R is the Most Powerful Language, but not for Bioinformatics
We often make fun of bold claims about “the best programming language for bioinformatics” based on benchmarking, but Paul Graham explained in a convincing blog post that programming languages do differ in power. R is designed after the “most powerful language” described by him.
I’ll begin with a shockingly controversial statement: programming languages vary in power.
Few would dispute, at least, that high level languages are more powerful than machine language. Most programmers today would agree that you do not, ordinarily, want to program in machine language. Instead, you should program in a high-level language, and have a compiler translate it into machine language for you. This idea is even built into the hardware now: since the 1980s, instruction sets have been designed for compilers rather than human programmers.

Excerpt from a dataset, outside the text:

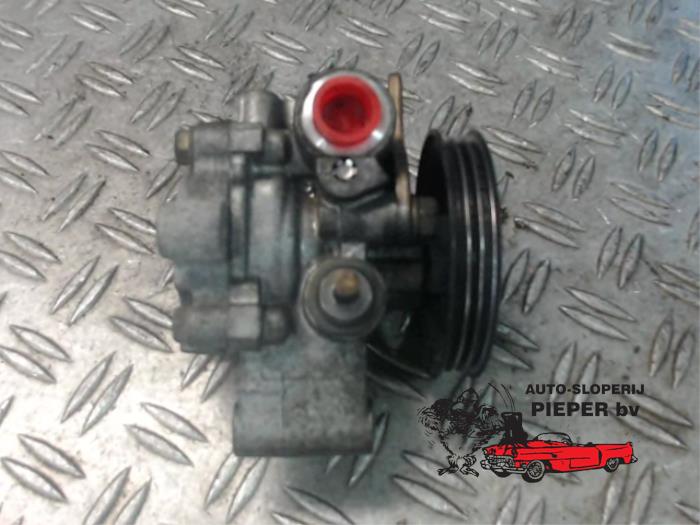Gebruikte Pomp Servo Daihatsu YRV (M2) 1.0 12V DVVT STi Prijs € 52,50 Margeregeling aangeboden door Autosloperij Pieper BV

Everyone knows it’s a mistake to write your whole program by hand in machine language. What’s less often understood is that there is a more general principle here: that if you have a choice of several languages, it is, all other things being equal, a mistake to program in anything but the most powerful one. [3]

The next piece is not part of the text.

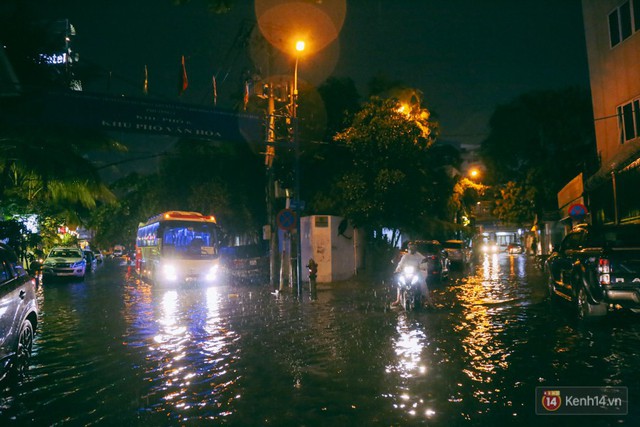 Khu vực sân bay Tân Sơn Nhất ngập nặng sau mưa lớn, hành khách vượt sông ra phi trường - Ảnh 14.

Last year, I was reading “Advanced R” by Hadley Wickham and discovered that it had features similar to “the most powerful language” described by Graham (namely LISP). That got me curious, and I looked into the history of R. I found that R was developed following Scheme, one of three major LISP dialects.

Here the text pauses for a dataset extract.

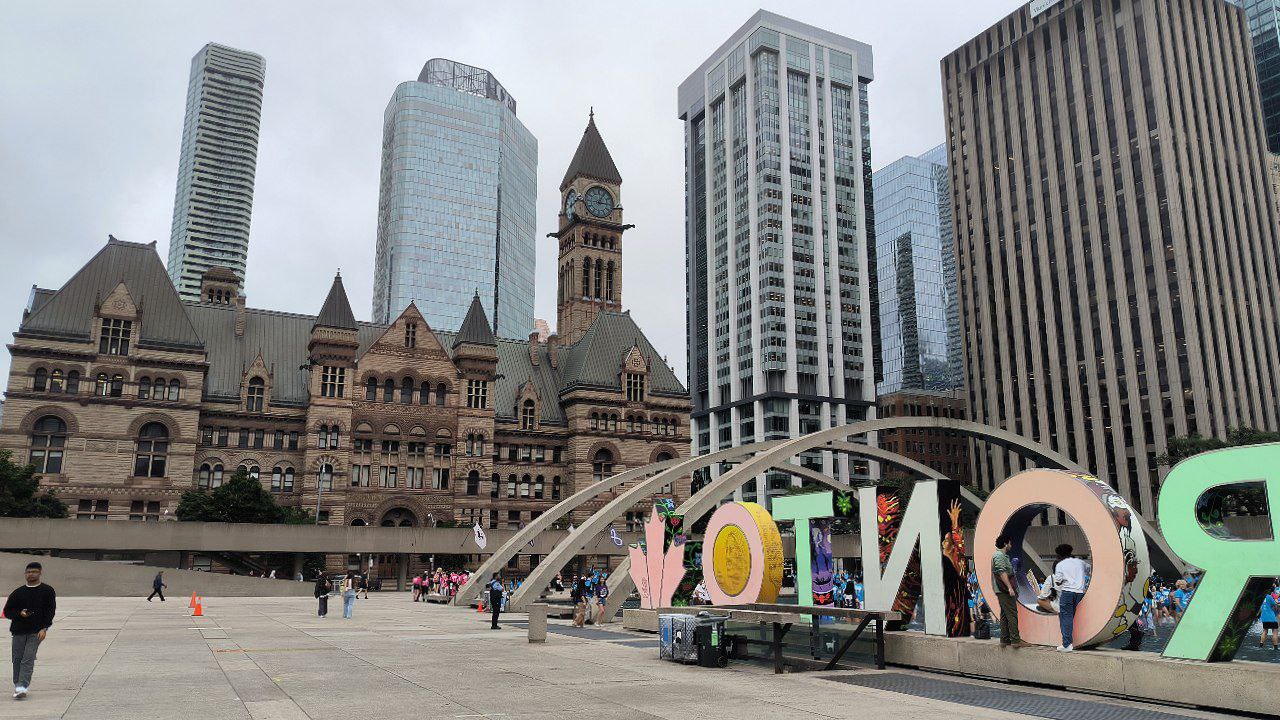 #Toronto, media 5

Functional programming is gaining popularity in the programming world. If you enjoy functional programming, you will like many R features attractive. As a common rule, functional paradigms discourage the use of “if” and “for” statements. Instead the same tasks can be performed in R using vectors and logical comparisons. Here is how you can check whether a number N (=2669) is prime.
N=2669
Remainders=N %%(2:(N-1))
((Remainders==0) %>% sum)==0
The most powerful feature of LISP-like languages is metaprogramming, or a program modifying itself. Metaprogramming allows adapting a language to different problem domains by creating DSLs or domain-specific languages. You can read about the metaprogramming aspects of R here.
In an ironic twist, when R got its first big opportunity to create a “domain-specific language”, it instead took a complete U-turn into object-oriented paradigm. S4 vectors were introduced in 2001 as part of the Bioconductor development. We will discuss that change and its ramifications in a later commentary.